The manipulation thesis also serves to exculpate oneself. To cast the enemy in the role of the devil is to conceal the weakness and lack of perspective in ones own agitation. If the latter leads to self-isolation instead of mobilizing the masses, then its failure is attributed holus-bolus to the overwhelming power of the media.

With respect to my peers, I somewhat feel like I’m witnessing the same phenomenon in which this cynicism is manifesting in a self-defeatist manner. Obviously, it isn’t just something attributed to my classmates, this is a far widespread phenomenon than just amongst a group of twenty-five college students, but I feel like this is something we’re all seeing lately.

Enzensberger attributed a rather interesting form of archaism to this cynicism in the sixties, as he outlines in the same section when he says:

At the very beginning of the student revolt, during the Free Speech Movement at Berkeley, the computer was a favorite target for aggression.

That is reflected today in the distrust to not just the traditional media, but towards Social Media as well.
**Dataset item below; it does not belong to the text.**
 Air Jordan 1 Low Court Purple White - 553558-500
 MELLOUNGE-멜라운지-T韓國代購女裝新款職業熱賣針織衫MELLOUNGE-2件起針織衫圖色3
There is this push back against Social Media in constantly pointing out the negatives and talking about all the harm that Social Media does to interpersonal communication and to the culture of communication as we know it by highlighting aspects such as the ability to bully and the lack of accountability that the internet provides rather than by championing the new avenues to communication that Social Media has opened to people all over the world.

Perhaps I am being the crazy naive one of the herd, but I really feel like this is a self-defeating level of cynicism just like Enzensberger talked about seeing in the sixties, especially since I’m a New Media major. To reject and demonize the very progress in communication and democratization of access to information that allows less control by ‘the man’ just because there is still a platform in which the information is contained is to basically say all that we have striven for in terms of progress hasn’t been achieved, so we may as well give up.

I embrace the digital world and all the different forms of communication available to us, because I feel like the world as a whole always benefits from broader access to information. And it isn’t even just the platforms, like Social Media, but the culture around how we view communication that makes me feel so optimistic about the future. Like I said in a previous post about New Media,

New Media has managed to affect global changes in the very idea of communication because it has lowered the barrier to entry to what is and isn’t possible when it comes to communication regardless of location, wealth, or status of privilege.

CREATOR: gd-jpeg v1.0 (using IJG JPEG v62), quality = 75
This lady could tweet about her farm’s hay yield from rural India right now! How cool is that? Thank you technology!

Though New Media and the digital world is not a perfect system by any means, and while there are a lot of theories about why people are so cynical in the digital age, I just still absolutely fail to see how allowing more people the access to information and the ability to share ideas faster, easier, and in a better organized fashion can possibly a net-negative in the big picture.

What about you guys? Are you a cynic? Are you an optimist? Are you like me and didn’t think you were an optimist until you realized most people you meet are cynics? You can always let me know here or on Twitter. I welcome a conversation!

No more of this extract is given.